The magnificent Fountain of Artemis in piazza Archimede, which shines in its own light during the evening, leads into via della Maestranza, full of shops and perfect for the lovers of shopping. Here you’ll find contemporary clothes shops just next to the handicraft ones. Walking up the alleys of this part of the town, you’ll reach the Giudecca, the ancient Jewish district. Now, you can go to the church of Saint John the Baptist, built with the typical limestone. Its architectonical features recall something older. This building – without a roof, set on arches, with a fifteenth century portal with a rose window on top of it – rises on a fourth century A.D. basilica. Visiting this church is a great experience: you have the opportunity to admire the yellow and rose reflections of the light on the stone, with the blue sky above your head. Probably, an ancient synagogue used to be situated next to the basilica.

Going on with the tour, you can immerse yourself in the narrow alleys coloured by fuchsia and red bougainvilleas. Then you can visit the oldest Jewish ritual bath in Europe,  situated just under the residence-hotel “La Giudecca“. It’s the mikveh of Casa Bianca, accessible thanks to a long staircase carved in the rock. The aim of the brief guided visit is letting you know the fascinating history of the site and discovering important information about the ancient Jewish culture.

Sicily is also famous for the so called pupi, colourful puppets dressed as knights with brilliant armors. You can also decide to visit the museus dedicated to them and discover more about this Italian southern tradition carried on by the Vaccaro family. Inseide the museum, you can see the studio where paperback cutouts are mixed with coloured tubes and paintbrushes under the watchful eye of wizards, witches and other fantasy creatures.

Turning to other rich of history alleys, you’ll arrive in piazza di Santa Lucia (Saint Lucy’s square) where the spectacular Cathedral (Duomo) rises in all its splendor with its magnificent Baroque façade. But there’s more: an attentive eye can catch some important details when entering the building: some giant columns support the roof, while rich Baroque fitments decorate the chapels. The Cathedral of Syracuse (Duomo di Santa Lucia), in fact, has an ancient story which once again sinks its roots in the Greek past of the Island: the columns belong to the Temple of Athena (5th century B. C.). Christians incorporated them in Saint Lucy’s sanctuary, creating a case of historical, archaeological and devotional stratification.

In the same square, art lovers will also find the little church of Santa Lucia alla Badia, where there’s preserved and displayed the magnificent Caravaggio‘s painting “Burial of St.
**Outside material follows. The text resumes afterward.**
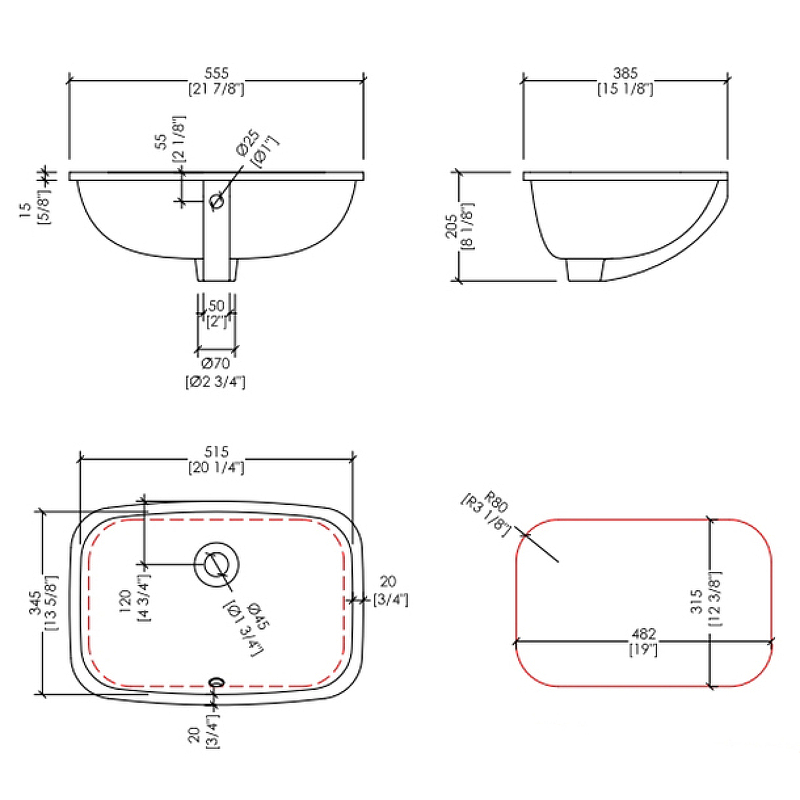 Раковина Devon&Devon Swindon 55 ACSWINDONDS bi Белая от магазина ЛесКонПром.ру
Lucy”.

Like marmaids, the blue waters of the Syracusan sea need attention and it’s good to listen to their call, walking along the many alleys and eating cannoli or a arancini. Streets are now full of restaurants and pubs and it is possible to notice the reflections of a water mirror in a payrus forest. I’m talking about the Fountain of Arethusa, whose name come from the nymph who took shelter in Syracuse. Arethusa asked to be transformed in fountain but Alpheus, who had fallen in love with her, chased the nymph until Zeus, moved by compassion, diverted Alpheus’ river to Syracuse, meeting the Arethusa’s water again.

The Castello Maniace overlooks the sea. It’s a masterpiece of military architecture wanted by the Holy Roman Emperor Federick II, known also as Stupor Mundi, between 1232 and 1240. Its high steeples in the rooms meet the strong defensive wall. Finally, the Bellomo Palace Regional Gallery preserves and displays sculptures and artworks from destroyed convents of Syracuse and other places. It’s a little museum, divided into rooms situated both on the ground floor and the first one. From there it’s possible to overlook one of the two courtyards, the so called Palm Court, whose walls are full of massive marmoreal coat of arms.

The tour of Ortigia doesn’t end here: its narrow alleys are full of details and stories of a distant past, smells and colours, mixed with the traditions and smiles of the inhabitants who will always have a place in the visitors’ hearts.